:: Work required ::
Skip every picture, and copy exactly the lines from the one containing "Red-Palm-Oil-Top-Exporter-Supplier-Neogric" to the end of the data.

Start of Material provided

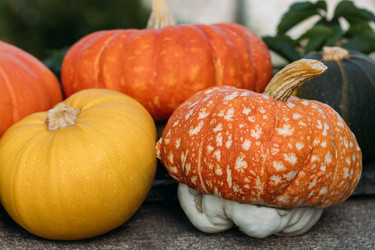 Similar image 21564392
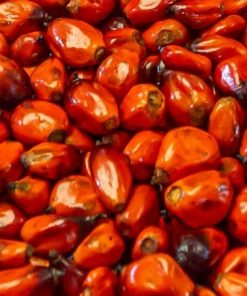 Red-Palm-Oil-Top-Exporter-Supplier-Neogric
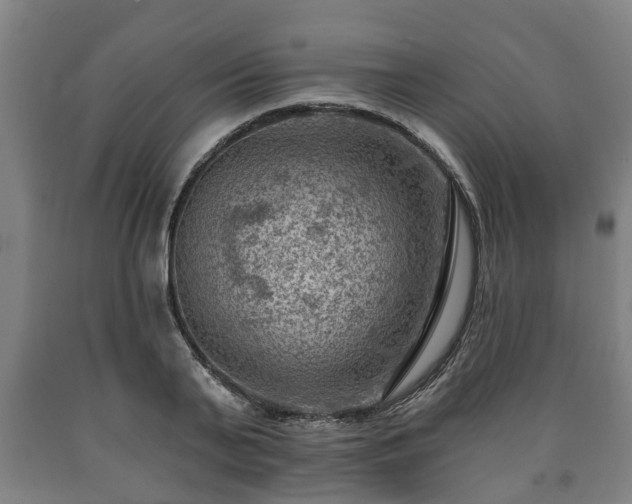 X0000090730791200707271402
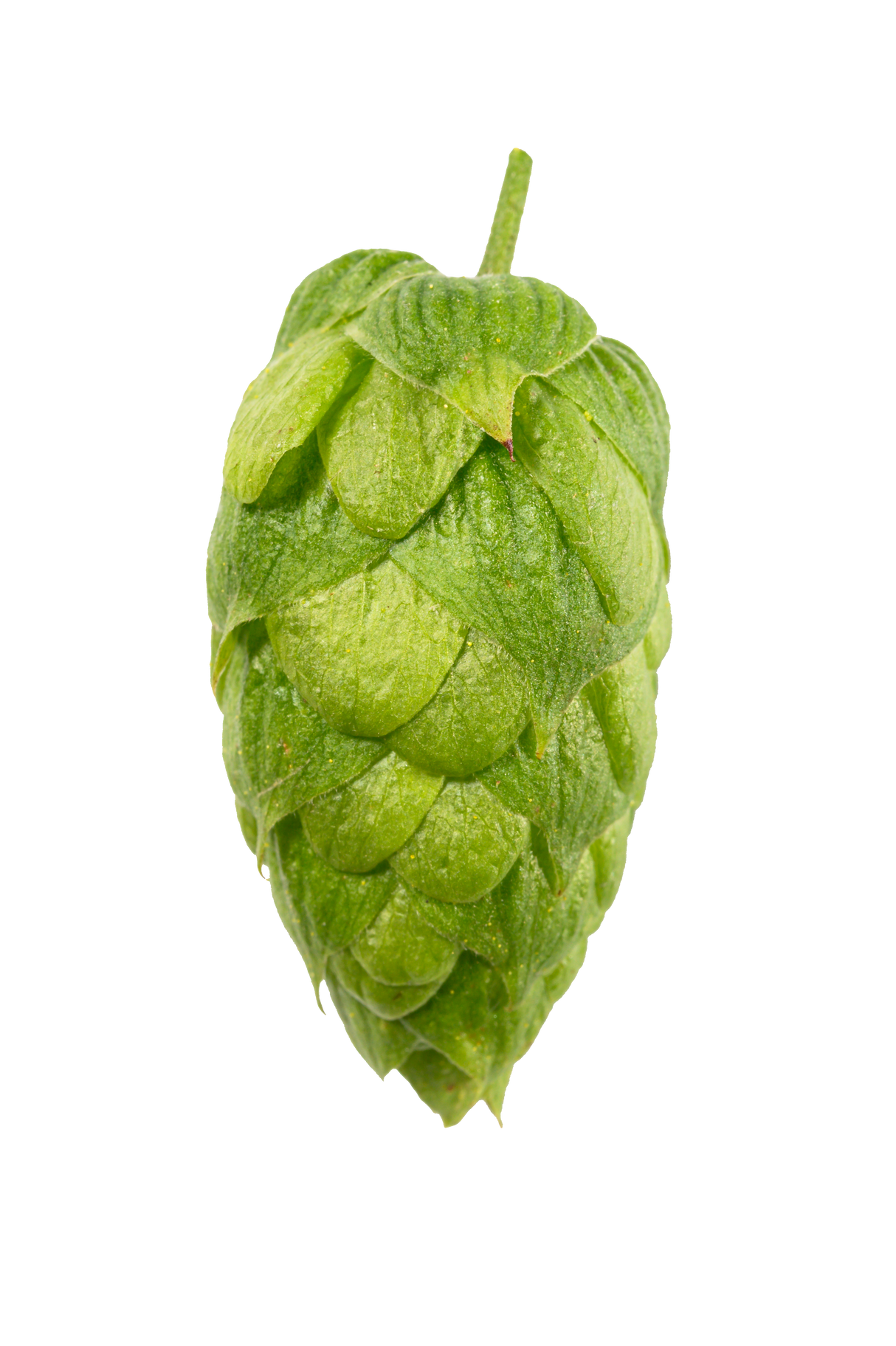 Hallertau Blanc Whole Cone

End of Material provided

:: Solution for this exercise ::
 Red-Palm-Oil-Top-Exporter-Supplier-Neogric
 X0000090730791200707271402
 Hallertau Blanc Whole Cone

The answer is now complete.